Builder's risk insurance is a unique form of property insurance that typically covers only projects under construction, renovation, or repair and insures against accidental losses, damages or destruction of property for which the insured has an insurable interest. Fireman's Fund v. Structural Systems Technology, Inc., 426 F. Supp.2d 1009, 1025 (D. Neb. 2006). An "insurable interest" includes "any lawful and substantial economic interest in the safety or preservation of property from loss, destruction, or pecuniary damage." Insurance Law § 3401. A contractor obligated to repair or replace any damage to the building has an insurable interest in the project. Board of Fire Underwriters v. Trans Urban Construction Co., 60 NY2d 912 (1983). Similarly, a building contractor obligated to "secure and insure" the project has an insurable interest in the building during the course of construction. A builder' risk policy "should be read, if it can be, without twisting words and rendering plain [*5]meanings nugatory, so as to make the scheme of the policy reasonable and to protect the builder [against covered loss]". Ira S. Bushey & Sons v. American Ins. Co., 237 NY 24, 28 (1923).
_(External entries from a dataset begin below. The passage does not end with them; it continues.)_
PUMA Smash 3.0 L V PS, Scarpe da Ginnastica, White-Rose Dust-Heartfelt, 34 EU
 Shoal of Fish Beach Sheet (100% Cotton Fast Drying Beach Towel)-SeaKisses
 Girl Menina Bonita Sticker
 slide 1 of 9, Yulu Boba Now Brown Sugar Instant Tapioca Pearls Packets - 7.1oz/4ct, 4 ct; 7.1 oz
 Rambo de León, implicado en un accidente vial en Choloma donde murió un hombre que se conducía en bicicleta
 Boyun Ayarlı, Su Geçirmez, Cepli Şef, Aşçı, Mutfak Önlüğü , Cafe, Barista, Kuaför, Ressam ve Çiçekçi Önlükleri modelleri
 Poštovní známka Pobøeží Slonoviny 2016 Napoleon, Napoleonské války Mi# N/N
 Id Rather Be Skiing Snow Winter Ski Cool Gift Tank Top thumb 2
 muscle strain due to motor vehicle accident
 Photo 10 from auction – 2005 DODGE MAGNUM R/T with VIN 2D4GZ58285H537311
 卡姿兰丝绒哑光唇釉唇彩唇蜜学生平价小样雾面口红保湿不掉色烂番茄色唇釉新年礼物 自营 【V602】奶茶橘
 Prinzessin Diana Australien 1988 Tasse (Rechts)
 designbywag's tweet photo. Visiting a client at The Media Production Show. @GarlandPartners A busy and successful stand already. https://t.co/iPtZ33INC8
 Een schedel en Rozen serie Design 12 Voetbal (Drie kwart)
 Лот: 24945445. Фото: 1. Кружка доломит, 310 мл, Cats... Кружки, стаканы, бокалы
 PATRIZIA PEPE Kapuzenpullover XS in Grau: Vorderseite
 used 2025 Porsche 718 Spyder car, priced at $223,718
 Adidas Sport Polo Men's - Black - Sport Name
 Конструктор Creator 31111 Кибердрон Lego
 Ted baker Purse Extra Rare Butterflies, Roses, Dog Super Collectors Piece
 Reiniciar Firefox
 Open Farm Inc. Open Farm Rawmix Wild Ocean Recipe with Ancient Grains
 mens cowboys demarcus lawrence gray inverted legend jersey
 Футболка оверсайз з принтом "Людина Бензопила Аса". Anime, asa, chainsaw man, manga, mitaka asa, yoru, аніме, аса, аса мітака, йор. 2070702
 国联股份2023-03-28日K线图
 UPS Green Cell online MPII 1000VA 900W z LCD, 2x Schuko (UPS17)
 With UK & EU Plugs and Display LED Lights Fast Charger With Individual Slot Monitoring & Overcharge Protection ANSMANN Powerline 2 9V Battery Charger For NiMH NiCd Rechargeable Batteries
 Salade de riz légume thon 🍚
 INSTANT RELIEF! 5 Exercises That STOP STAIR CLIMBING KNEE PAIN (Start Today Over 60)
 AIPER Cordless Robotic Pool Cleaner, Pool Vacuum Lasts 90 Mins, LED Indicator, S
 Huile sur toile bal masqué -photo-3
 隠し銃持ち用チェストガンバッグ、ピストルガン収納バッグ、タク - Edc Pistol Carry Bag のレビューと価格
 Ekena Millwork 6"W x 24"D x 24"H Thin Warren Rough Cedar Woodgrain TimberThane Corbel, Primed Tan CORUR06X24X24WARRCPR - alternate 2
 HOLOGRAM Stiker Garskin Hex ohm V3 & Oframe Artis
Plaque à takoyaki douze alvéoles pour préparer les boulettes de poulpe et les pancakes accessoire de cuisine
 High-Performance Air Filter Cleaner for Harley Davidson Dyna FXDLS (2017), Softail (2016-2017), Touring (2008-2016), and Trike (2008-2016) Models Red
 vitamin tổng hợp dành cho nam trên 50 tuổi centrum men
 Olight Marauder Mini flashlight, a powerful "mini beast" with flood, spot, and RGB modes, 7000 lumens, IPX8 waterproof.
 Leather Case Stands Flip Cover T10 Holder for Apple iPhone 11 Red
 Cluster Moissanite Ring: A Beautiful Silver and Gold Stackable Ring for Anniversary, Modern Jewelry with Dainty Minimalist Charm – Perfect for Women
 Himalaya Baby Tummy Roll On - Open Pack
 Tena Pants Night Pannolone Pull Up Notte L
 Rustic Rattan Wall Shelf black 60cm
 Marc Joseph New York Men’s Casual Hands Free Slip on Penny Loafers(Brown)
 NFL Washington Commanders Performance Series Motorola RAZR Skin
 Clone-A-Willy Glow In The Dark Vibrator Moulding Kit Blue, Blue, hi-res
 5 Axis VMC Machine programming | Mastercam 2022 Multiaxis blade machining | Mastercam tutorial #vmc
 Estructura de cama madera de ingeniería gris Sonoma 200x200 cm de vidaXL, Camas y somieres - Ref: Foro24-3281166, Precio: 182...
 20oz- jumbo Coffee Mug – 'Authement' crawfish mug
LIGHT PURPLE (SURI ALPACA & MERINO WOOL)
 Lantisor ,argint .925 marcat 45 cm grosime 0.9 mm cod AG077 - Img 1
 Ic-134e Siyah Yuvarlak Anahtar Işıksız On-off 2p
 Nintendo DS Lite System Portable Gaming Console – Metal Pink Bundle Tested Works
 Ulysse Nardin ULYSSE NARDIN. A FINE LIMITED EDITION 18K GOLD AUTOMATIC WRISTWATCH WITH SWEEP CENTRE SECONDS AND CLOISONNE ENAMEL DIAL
Because of its obligation to secure and insure the house, Rhino had an insurable interest in the Bittersweet Court property while Rhino was completing construction. Exeter's homeowner's policy excluded coverage for property damage "arising out of" operations performed by independent contractors, and consequently damage arising out of Rhino's operations was not a risk covered by that policy. Applying a "functional analysis" to the two lines of insurance, the Court concludes that the purpose of builder's risk policy was to cover fire damage to projects listed on the monthly report, regardless of whether Rhino was responsible for the fire.
Generally, it is for the insured to establish "coverage" and for the insurer to prove that an "exclusion" in the policy applies to defeat coverage. Consolidated Edison Co. v. Allstate Ins. Co., 98 NY2d 208, 218 (2002). Whether a particular issue may be categorized as one of "coverage" or "exclusion" depends upon the language of the policy and the context in which the loss occurs. Id. at 218-220. In Consolidated Edison, a public utility sold its gas manufacturing facility to a private party who subsequently discovered environmental pollution on the site. When the utility submitted a claim to its liability insurer for environmental damage, the insurer denied the claim on the ground that the pollution was the result of an "intentional act." The insured commenced an action on the policy.
The trial court ruled that the issue of whether pollution arose from an "accident or occurrence" was a matter of coverage. Thus, the burden of proof was on the insured to establish that the pollution was not intentional. Id. at 217. In affirming a judgment for the insurer, the Court of Appeals held that the burden of proof was properly placed on the insured to establish coverage. The Court reasoned that it was appropriate to place the burden of proof on the party "having better and earlier access to the actual facts and circumstances surrounding the [loss]". Id. at 220.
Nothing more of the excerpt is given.